Data extract
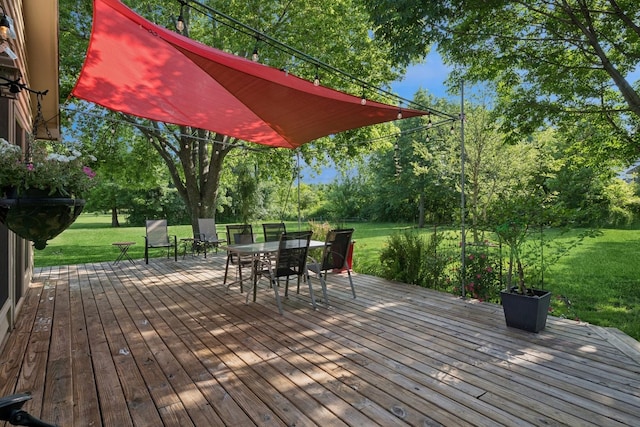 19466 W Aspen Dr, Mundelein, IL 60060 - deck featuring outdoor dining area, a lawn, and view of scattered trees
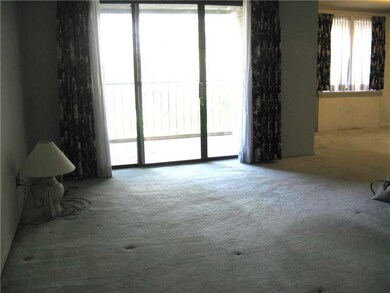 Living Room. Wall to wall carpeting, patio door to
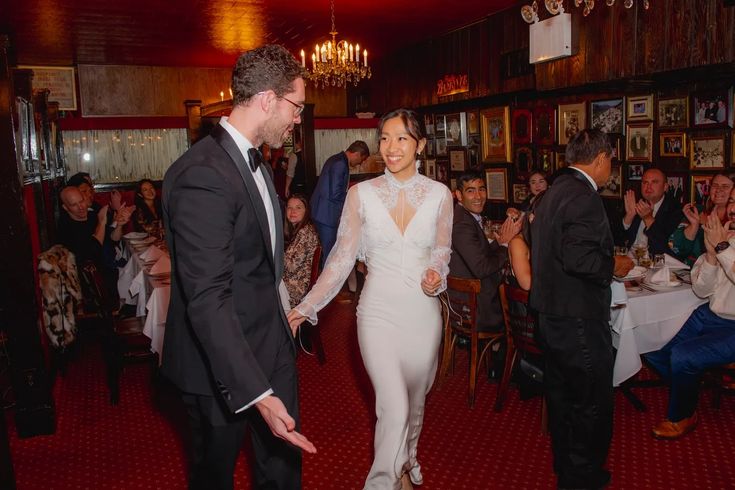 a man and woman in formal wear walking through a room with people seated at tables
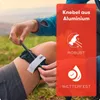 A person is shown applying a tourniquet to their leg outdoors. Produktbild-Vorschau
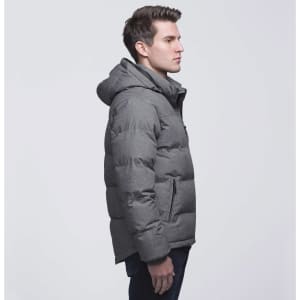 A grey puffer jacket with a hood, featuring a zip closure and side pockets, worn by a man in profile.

---

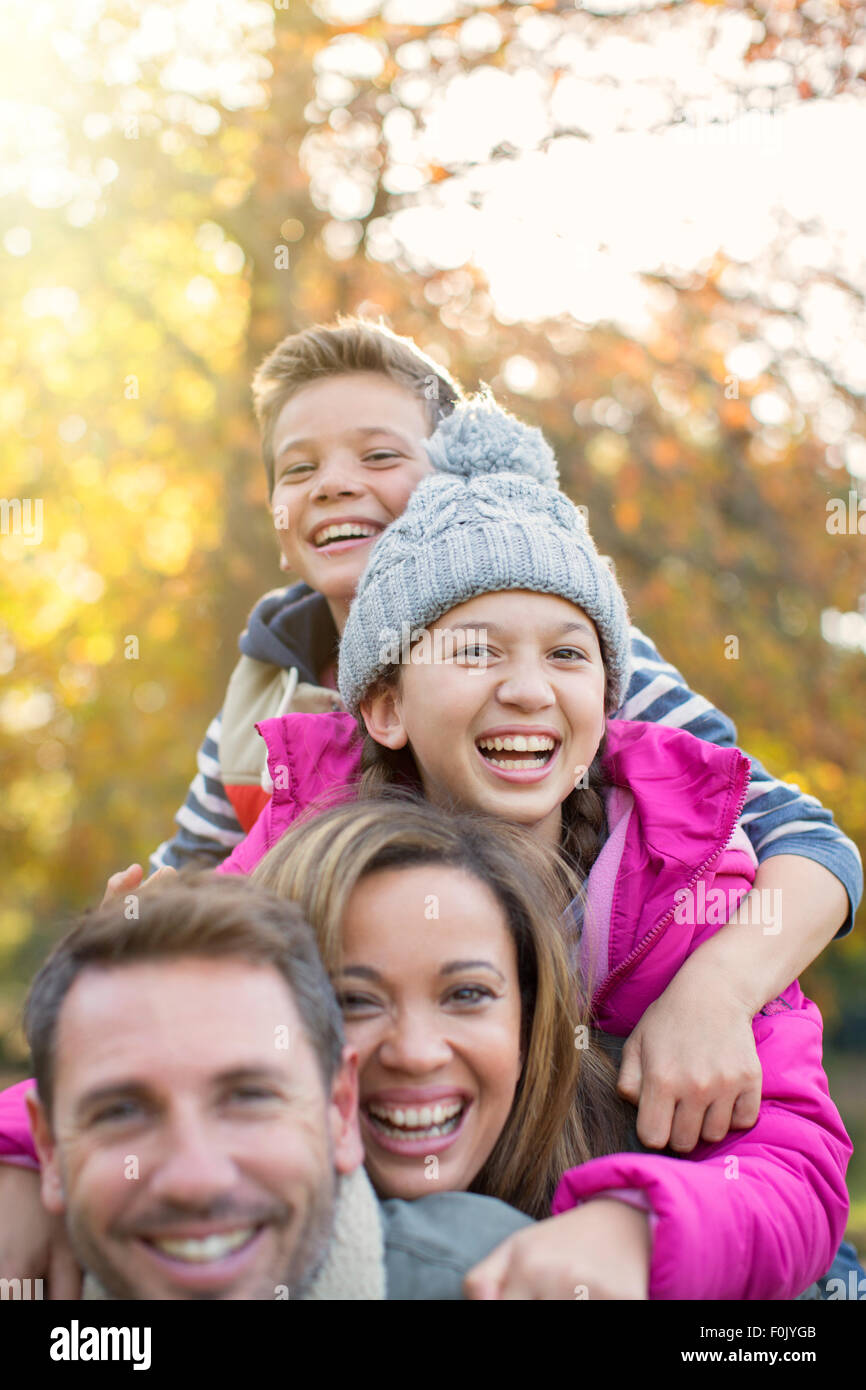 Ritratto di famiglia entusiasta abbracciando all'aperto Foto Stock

What the task requires
Beginning at the line above that contains "19466 W Aspen" and going on through the line that contains "a man and woman", please copy every line exactly, leaving the pictures out and adding nothing.

Response area
 19466 W Aspen Dr, Mundelein, IL 60060 - deck featuring outdoor dining area, a lawn, and view of scattered trees
 Living Room. Wall to wall carpeting, patio door to
 a man and woman in formal wear walking through a room with people seated at tables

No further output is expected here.